Write Team: Telling an ‘unfinished love story’

Robert Cotner, Write Team

Having read all of historian Doris Kearns Goodwin’s splendid books on American history, I purchased upon publication last week her latest book, “An Unfinished Love Story” and read it.

The book is a kaleidoscope of the decade of the 60s and her final years together with her husband, Richard Goodwin, who was among the finest public intellectuals of our time.

Early on, Doris Kearns Goodwin tells of her meeting Dick Goodwin at Harvard where both had offices in the same building. When Dick’s wife died, he and Doris found each other’s company rewarding. Doris assumed care of Dick’s son, and very soon the two were married.

But the body of this new book is set 50 years later, when Doris is in her 70s and Dick in his 80s. They gathered daily around archival boxes, which Dick had annotated carefully and stored throughout his career. She uses the unpacking of these archival boxes in review to tell the story of Dick’s career.
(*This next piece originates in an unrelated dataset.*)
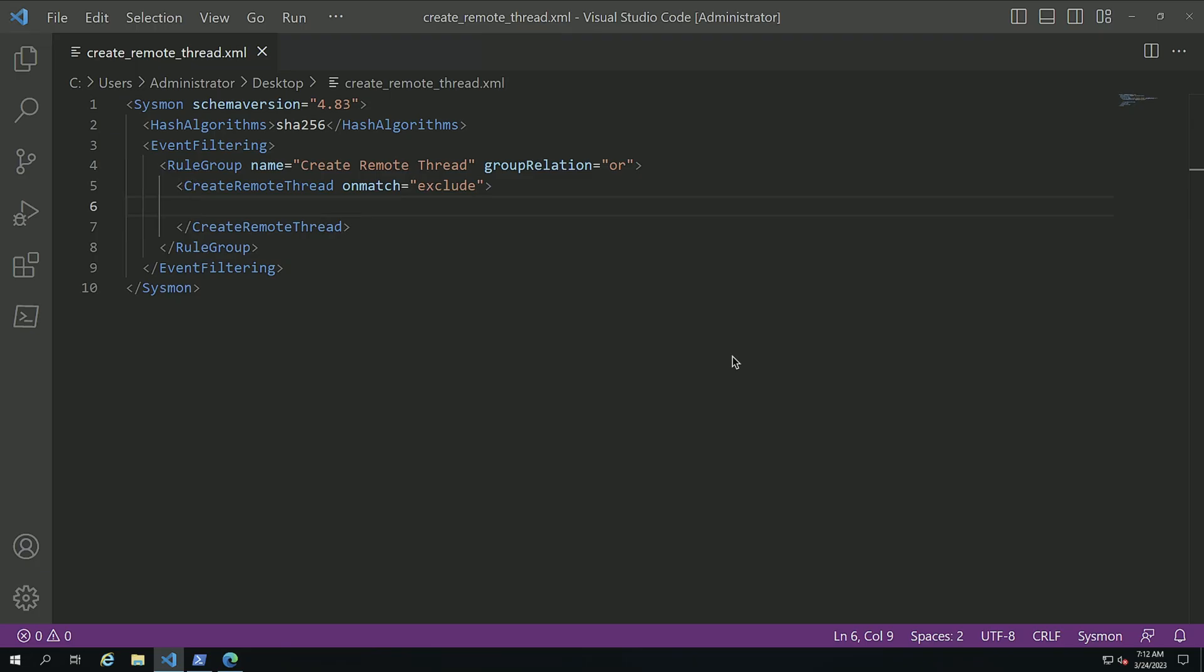So here I have a Windows 2019 server where I've created a Sysmon configuration file for the latest version of this scheme at the time of this recording. I'm using SHA-256.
She reviews the scandal of Charles Van Doren in the highly celebrated embarrassment on early television. Dick had been a staff member for an investigating committee, which exposed the program as a vast charade and one of TV’s first scandals.

The next boxes pertained to Dick’s inter-most workings and associations in the Kennedy years, when he was very close to John Kennedy and his family and worked as a protege under Kennedy’s close associate and writer, Ted Sorensen. Intimate portraits of family members and important events relating to the election of John Kennedy and his brief administration are recalled as they explore together his folders of papers and other documents carefully preserved by Dick.

With the tragic events in Dallas on June 22, 1963, and the assumption of the presidency of Lyndon Johnson, Dick became Johnson’s primary writer, close associate and master craftsman of his finest speeches. Doris became Johnson’s personal intellectual collaborator, working in both Washington and Texas to help write his memoirs, create his presidential library and write a full-length biography of Johnson. She was a close personal friend of Lady Bird Johnson, and the Johnson’s two daughters. The exploration of the boxes stopped when Dick became seriously ill at 86 in 2018, thus interrupting their delightful love story.

Much different from her previous books, it is a multi-layered study of the 1960s. She utilizes autobiography, biography, social history, political history and philosophy, to tell a rich and detailed study of the Kennedy and Johnson eras.

This book is the unfinished love story between Doris and Dick Goodwin; it also is the unfinished love story for her country. She sites in conclusion from the text, written by Goodwin, LBJ’s Voting Rights Act in 1965: This act was signed in the midst “of a testing time,” which continues to this day, Goodwin adds, and we remain in the midst of it.

Author’s note: I read this book, as I do all books, in audio; this book is read by the author herself and utilizes audio recording of both Kennedy’s and Johnson’s speeches – adding a rich and vital dimension to the book.

Robert Cotner spent 25 years as an English teacher that include serving as Fulbright lecturer in English at the University of Liberia. He concluded his career as an executive at The Salvation Army and Shriners Children’s Hospital-Chicago. He now lives in Seneca.